Python’s Walrus Operator and Dict Comprehensions

Submitted by Sean on Fri, 03/03/2023 - 03:12

Python 3.8 added an assignment operator :=, also known as the “walrus operator” (rotate it 90 degrees clockwise and you’ll see why). A few use cases are described in this page on What’s New in Python 3.8, but despite the fact that it’s not so new anymore (it came out more than three years ago), I hadn’t found much use for it until recently. 

Why was the walrus operator created?
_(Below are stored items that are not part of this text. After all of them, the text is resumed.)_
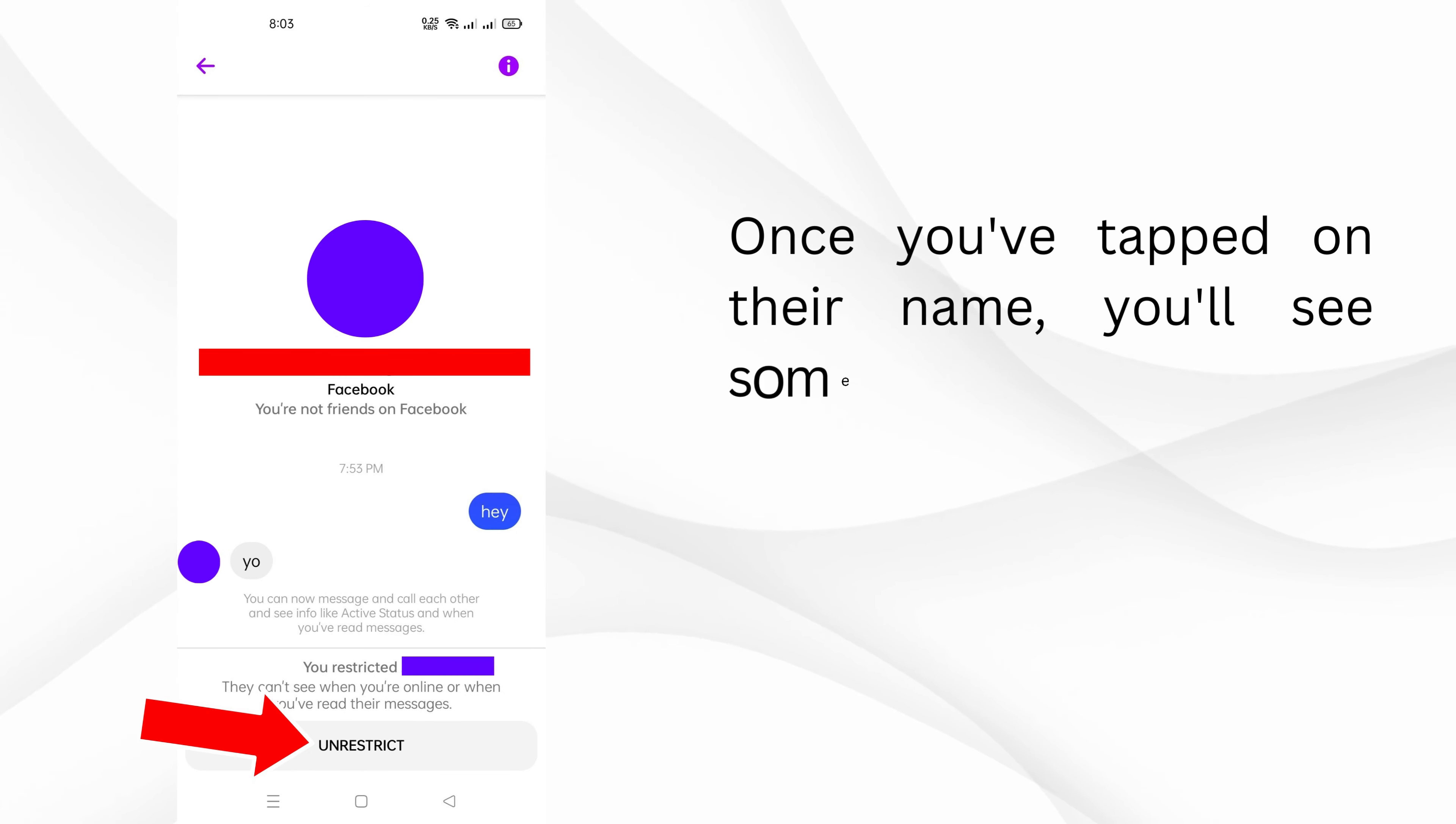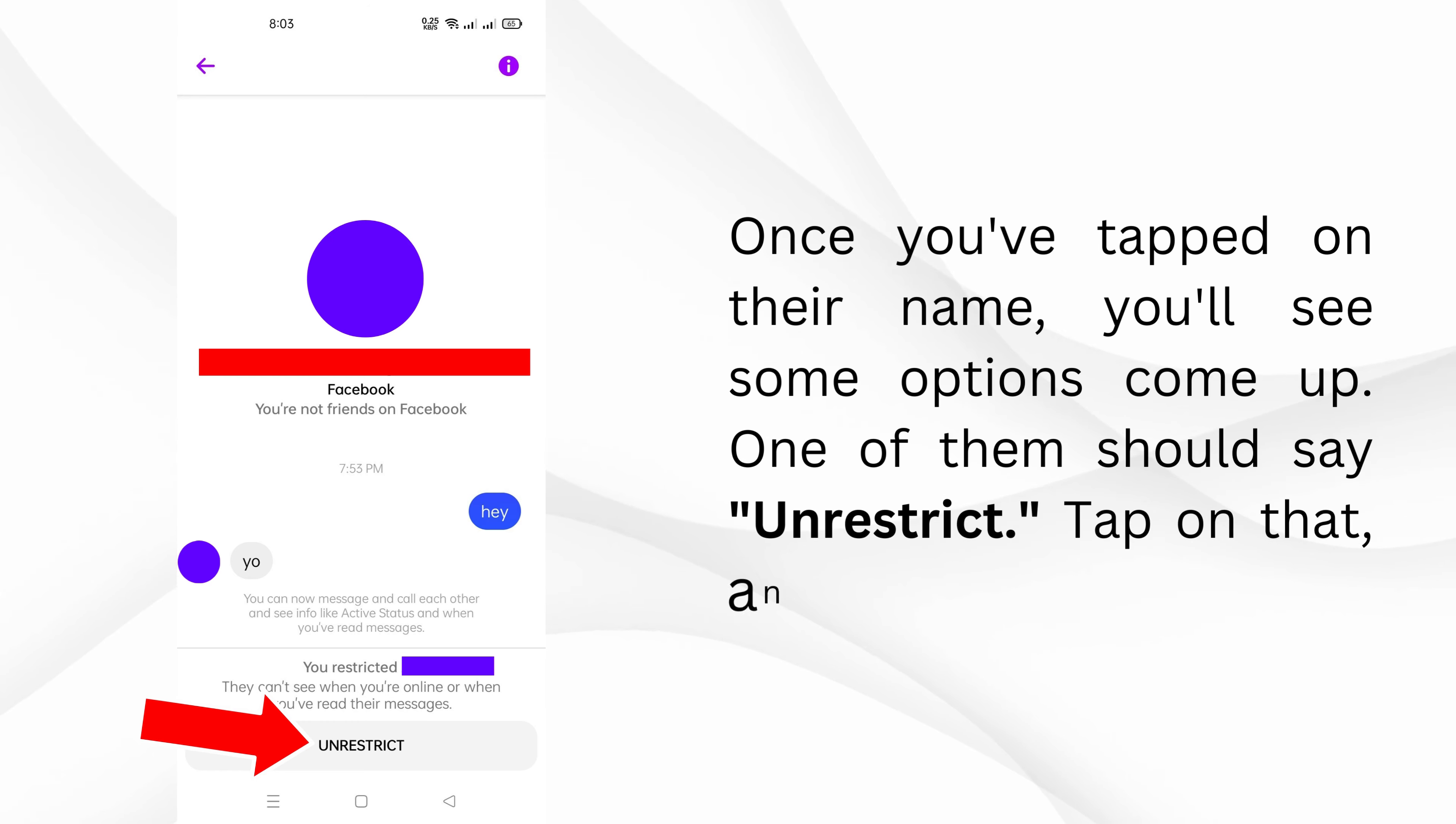Once you've tapped on their name, you'll see some options come up. One of them should say unrestrict. Tap on that, and you're done.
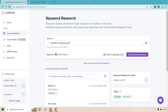Here we are on the inside of Surfer, and this is the keyword research section where we can discover dozens of relevant topic clusters in a matter of minutes. This is good not only if you have an idea about what you want to write, but it's going to give you even more ideas. I already knew I'm going to be talking about golf — I live in Florida so I like using that as an example — so I'm going to type in 'the benefits of playing golf' and click on 'Create Keyword Research.'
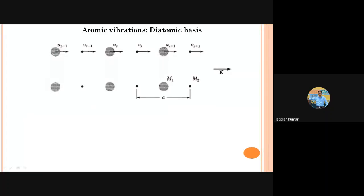If this is clear, we can discuss another case related to diatomic basis. In diatomic basis, the same case — a similar example — but now the basis is diatomic. If this is the lattice, suppose these small dots are representing our lattice points, then the lattice constant is A. The separation between any two lattice points is called the lattice constant in 1D — it is simple.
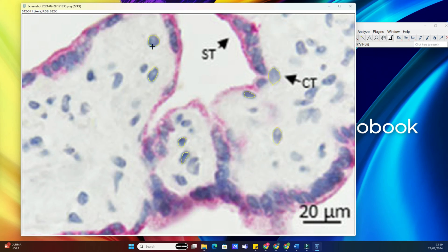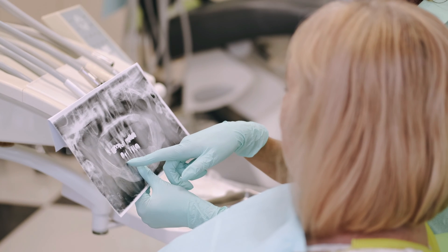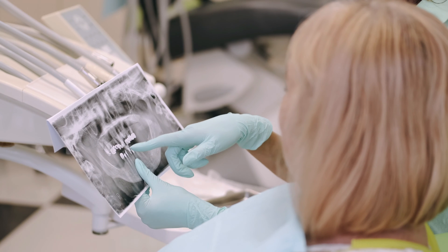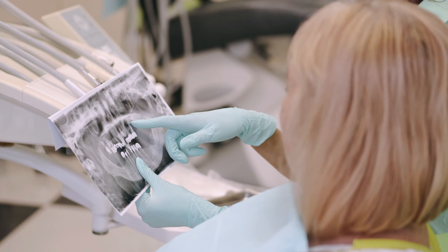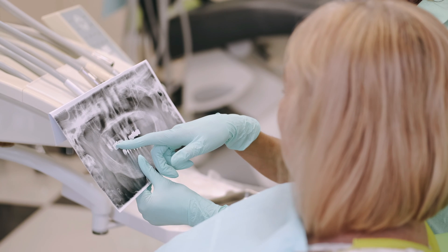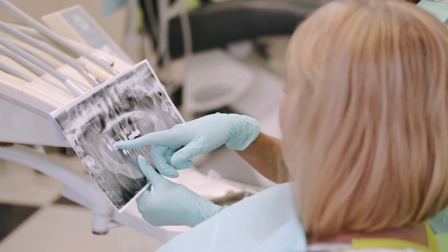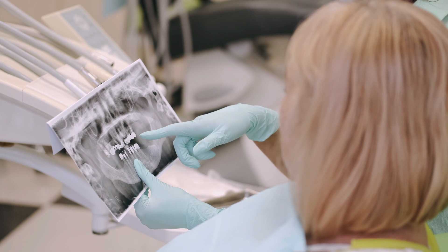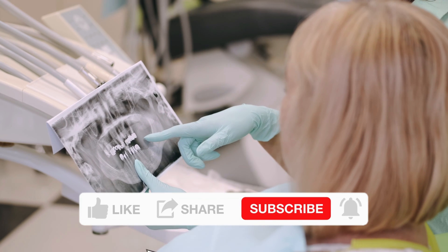But wait, there's more. ImageJ also allows us to perform various measurements and analyses on these selected regions. Whether it's calculating area, intensity, or any other parameter, ImageJ provides a plethora of tools to analyze our data with precision. And there you have it, folks. By mastering the art of selecting multiple regions of interest in ImageJ, you'll streamline your image analysis workflow and unlock new possibilities in your research. Thanks for tuning in.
In Python, ordinary assignment with = is an expression, so it doesn’t return a value.For example, print(x=23) returns an error: thre’s no value to print. print(x:=23) succeeds, the other hand, and prints 23. But of course you can just assign a value to x on another line and then print it, so this isn’t a compelling case.

I do a lot of data wrangling, and when dataclasses were first introduced (Python 3.7) they quickly became my go-to approach for loading structured data. They make it easy to 

  • model external record structures in Python
  • define static methods from converting data from JSON, CSV, or other formats
  • define class-specific methods

and more. Going further, when those record structures have a unique identifier (which is often the case), it can be convenient to load the whole dataset into a reader or manager class that subclasses UserDict, with the identifiers as keys and the records (as dataclasss instances) as values. That way you have all the data, nicely organized, but also accessible by looking up a record’s identifier in the dictionary, 

Dictionary comprehensions are an efficient and natural way to structure this, but there’s a problem: if you’re reading some data to create a dataclasss instance inside the comprehension, how do you get the identifier out of the dataclass at the same time so you can use it for the key?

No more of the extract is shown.